» RECORDS FOR THIS EXERCISE

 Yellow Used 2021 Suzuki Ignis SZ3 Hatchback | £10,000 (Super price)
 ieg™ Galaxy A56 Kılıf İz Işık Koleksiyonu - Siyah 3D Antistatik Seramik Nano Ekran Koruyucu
--
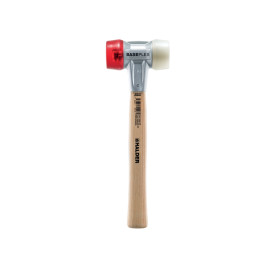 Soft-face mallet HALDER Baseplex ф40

» ASSIGNED TASK
Copy the records above exactly, beginning at the line that contains "Yellow Used 2021" and stopping after the line that contains "ieg™ Galaxy A56".

» RESULT BELOW
 Yellow Used 2021 Suzuki Ignis SZ3 Hatchback | £10,000 (Super price)
 ieg™ Galaxy A56 Kılıf İz Işık Koleksiyonu - Siyah 3D Antistatik Seramik Nano Ekran Koruyucu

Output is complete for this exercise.